Which is the smallest out of storrs and gillens monitors?


----------



## PremierPythons (May 29, 2006)

storr's are smaller mate


----------



## Reptile City (Jun 30, 2006)

*I currently have breeding projects with.*

Qld Storrs
WA Ackies
Mertins Water Monitors
Mangroves
Glauerti

[*u]Have had.[/u]*

Tristis
Baritji
Tristis Oreintalis
SA Goulds (Had Twins hatch once)
Caudolinetus

These monitors arent ones weve just had in the shop for sale, but keeped &amp; bred most of them.

*&amp; would like to keep one day.*

Primordius
Laceys (bells form)
Eremius
prasinus

Monitors are tops but are also higher maintanice.

Cheers,
Jason


----------



## aussiesnakelover (Jun 30, 2006)

if by sandy you mean varanus goldii which is what i think you mean, that if its even female didnt breed, its simply not big enough, unless you are huge lol, V. Gouldii gorw a good 1.5m, hope your son loves it as i know i would lol  great gift!

edit: have you got any pics of the mertens enclosure from a view you can see the whole thing and what are the measurements


----------



## Reptile City (Jun 30, 2006)

aussiesnakelover 


> have you got any pics of the mertens enclosure from a view you can see the whole thing and what are the measurements



Here you go!

Its 8000ltr Team Poly rain water tank.
It has a 250 ltr tub for swimming.
Two 160w Ozbrite bulbs heating it.
300watt water heater in the tub keeping it at 28degress.
I have mertins &amp; Mangroves in there togather.

Jason


----------



## aussiesnakelover (Jun 30, 2006)

beuty's because i live mertens natural occuring area i wont need all that hheatiing and lightin thank god lol
great set-up by the way, any sucess with the mangroves?

also does anyone else have picstures of there monitor enclosures lareg monitor mainly and would diffently like to see mertens enclosures... plzzzz


----------



## Reptile City (Jun 30, 2006)

> any sucess with the mangroves?


Had 5 eggs but due to shop comitment didnt relised she laid them &amp; they went yucky in the egg box. (spewin)
I hope to crack them this summer.


----------



## aussiesnakelover (Jun 30, 2006)

aww what a shame! goodluck to your future breeding


----------



## DC (Jul 13, 2006)

I like your set up Jason,great idea.


----------



## zulu (Jul 13, 2006)

*re What*

I had a pair of storrs last year and one acanthurus,the storrs are good to watch and breed like rabbits,high maintenance with heating and feeding but very interesting,dont get bit OUCH!


----------



## Magpie (Jul 13, 2006)

I have a spa, It's a pain to keep maintained so I'm think maybe a few mitchells won't go astray  .


----------



## freerider (Jul 13, 2006)

I hope you have some luck with the mangroves reptile city, I have been saving my pocket money


----------



## peterescue (Jul 13, 2006)

Ive only kept varius, gouldii and prasinus :mrgreen:
Love that enclosure Jason


----------



## Glimmerman (Jul 13, 2006)

I currently have 1 x Laccie, 2 x Accies, 2 x Gilleni's.

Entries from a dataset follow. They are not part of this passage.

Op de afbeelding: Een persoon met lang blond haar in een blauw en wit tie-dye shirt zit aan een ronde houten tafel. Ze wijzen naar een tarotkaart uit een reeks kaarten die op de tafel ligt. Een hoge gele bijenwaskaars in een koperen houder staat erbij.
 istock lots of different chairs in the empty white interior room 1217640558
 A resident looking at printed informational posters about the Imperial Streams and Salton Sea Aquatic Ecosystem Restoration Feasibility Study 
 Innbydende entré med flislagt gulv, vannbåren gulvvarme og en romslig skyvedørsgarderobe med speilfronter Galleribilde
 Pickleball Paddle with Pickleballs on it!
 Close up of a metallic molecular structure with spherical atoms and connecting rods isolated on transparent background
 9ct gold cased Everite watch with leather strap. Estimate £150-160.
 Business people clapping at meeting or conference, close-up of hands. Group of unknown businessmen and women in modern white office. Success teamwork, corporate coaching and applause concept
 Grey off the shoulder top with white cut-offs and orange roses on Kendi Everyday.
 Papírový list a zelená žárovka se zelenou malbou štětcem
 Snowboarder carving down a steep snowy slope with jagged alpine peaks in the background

Would like to get more but seriously need to work on a food cultivation business first to keep up with their high demands :lol:

That enclosure is awesome, Jason. Good job. Where could I store a tank that size I wonder. Do you think my wife would notice??? :roll: :wink:


----------



## Deano (Jul 13, 2006)

I have five lacey's, one male and four females which i will be breeding again this coming season all up i had about 40 eggs last season...


----------



## aussiesnakelover (Jul 13, 2006)

what does everyone feed there monitors?
partically ackies and mertens


----------



## Deano (Jul 13, 2006)

I feed my Lacey’s chicken necks and they love them….


----------



## jordo (Jul 13, 2006)

> what does everyone feed there monitors?
> partically ackies and mertens


My ackies got insects, spiders, pinkies, BD pellets, dog food and egg.


----------



## aussiesnakelover (Jul 13, 2006)

ok, just to see what people think this is what i feed my mertens
chopped chicken necks, pinkies, kangaroo and beef mince, prawns, barramundi wing chopped and woodies 
oh and he also has live fish to chase


----------



## fishead (Jul 13, 2006)

Hey snaketamperer, I feed my WA ackies woodies, crickets, chopped mice and any young cichlids that need culling. Just had a clutch hatch actually.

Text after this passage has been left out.